**WHAT IS EXPECTED**
Drop every picture, then repeat the records exactly.

Scraped caption text data

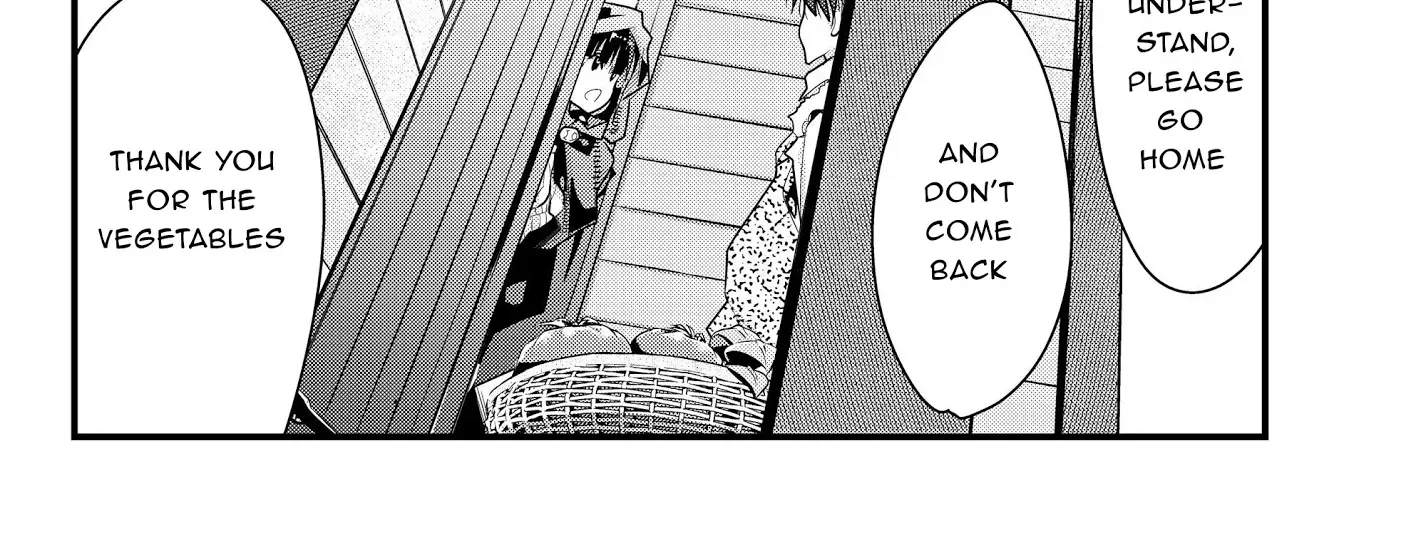 I Don't Really Get It, But It Looks Like I Was Reincarnated In An Another World Kainu Manga Chapter 8 Page 73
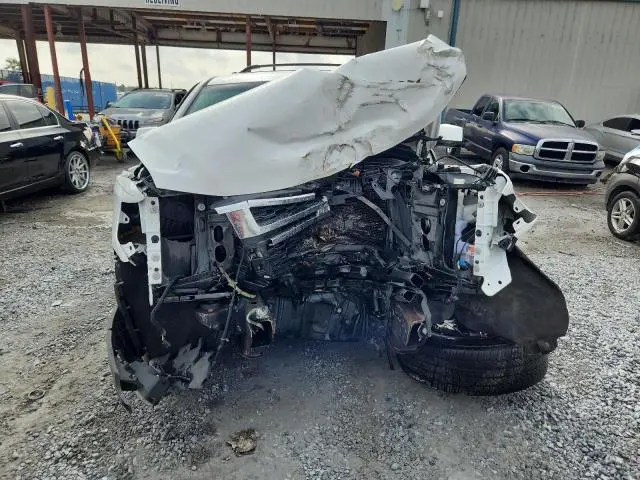2016 CHEVROLET SUBURBAN K1500 LT  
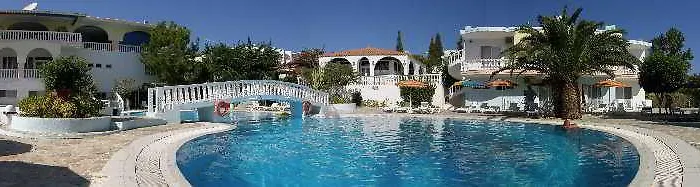 Hotel Pefkos Garden Pefki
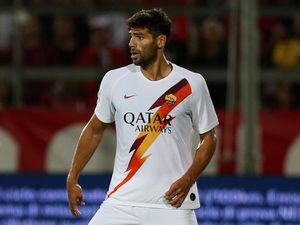 Roma Perpanjang Kontrak Federico Fazio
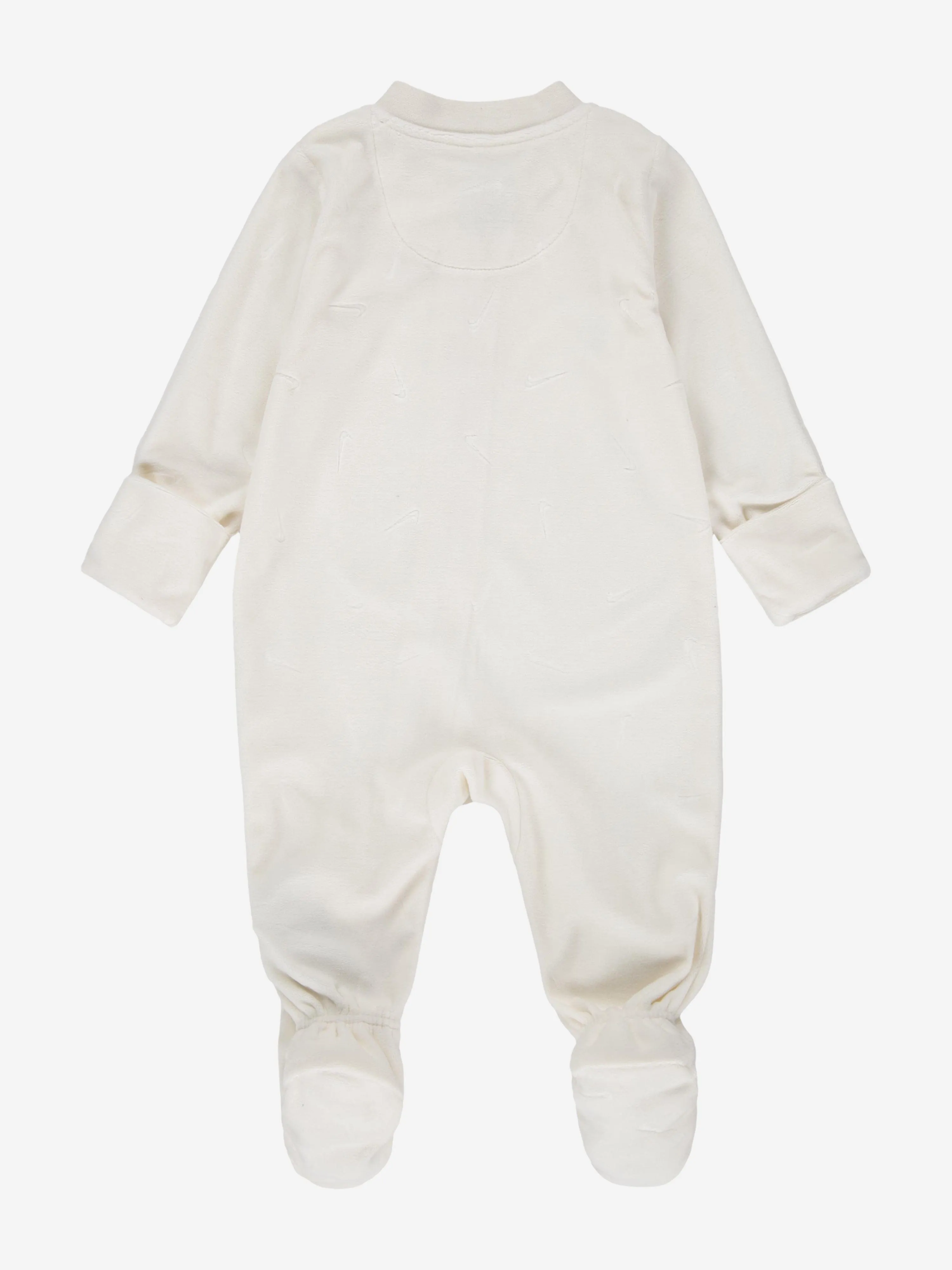 Baby Essentials Babygrow in Ivory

**FINAL ANSWER**
 I Don't Really Get It, But It Looks Like I Was Reincarnated In An Another World Kainu Manga Chapter 8 Page 73
2016 CHEVROLET SUBURBAN K1500 LT  
 Hotel Pefkos Garden Pefki
 Roma Perpanjang Kontrak Federico Fazio
 Baby Essentials Babygrow in Ivory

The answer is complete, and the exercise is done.